Antoon van Dyck (1599–1641), Portraits after Tintoretto (from The Italian Sketchbook), c.1621–27, pen and brown ink, 19.4 × 15.5 cm, The British Museum, London

Antoon van Dyck’s Italian Sketchbook, preserved in the British Museum, is one of the most valuable surviving documents of his formative Italian years in the early 1620s. Comprising 121 drawings in pen and brown ink, the sketchbook records his intense study of Renaissance portraiture, particularly his absorption of Venetian models and, above all, his lifelong dialogue with Titian. At the same time, it captures his effort to refine his own approach to characterisation, composition, and pose at a crucial moment in his career.

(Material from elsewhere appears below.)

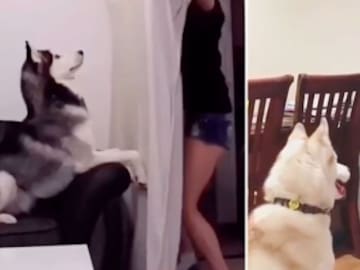 Este es el reto que sorprende a las mascotas y se está haciendo viral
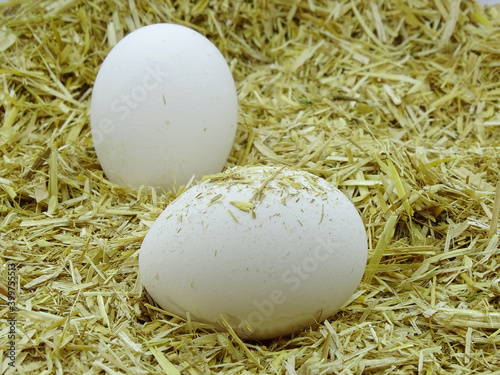 White egg in chicken nest. Organic village eggs provide higher protein photo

This particular sheet, filled with portrait sketches, demonstrates the young artist’s practice of copying earlier works as a way of analysing their pictorial logic. Long attributed to Titian, the prototypes are now recognised as works by his younger Venetian rival, Tintoretto, whose portraits were part of the celebrated Doria collection in Genoa, where Van Dyck resided for a period. One of the portraits survives today in the Museo Cerralbo in Madrid, another in the Uffizi, Florence.
The sketches do not function as literal reproductions. Rather, they are interpretative exercises in which Van Dyck dissects the structure of gesture, posture, and facial type, and reworks them into his own repertoire. This process of assimilation and transformation underscores the way young artists of the Baroque era trained themselves not only by imitating but by internalising the grammar of earlier masters. Van Dyck’s ability to translate Tintoretto’s compositions into his own idiom would later surface in major works. The Portrait of Abbé Scaglia (National Gallery, London) and the Portrait of Archbishop William Laud (Fitzwilliam Museum, Cambridge) both reflect postures first rehearsed in these sketchbook pages, testifying to the lasting utility of such exercises in his mature practice.
Taken as a whole, the Italian Sketchbook is more than a record of apprenticeship: it is evidence of Van Dyck’s early ambition to measure himself against the great Venetian masters and to establish himself within their lineage. The present sheet illustrates the working method of an artist who was both a meticulous student of tradition and a strategist of his own future, using the act of drawing not only as study but as a bridge between Renaissance precedents and his own innovations in Baroque portraiture.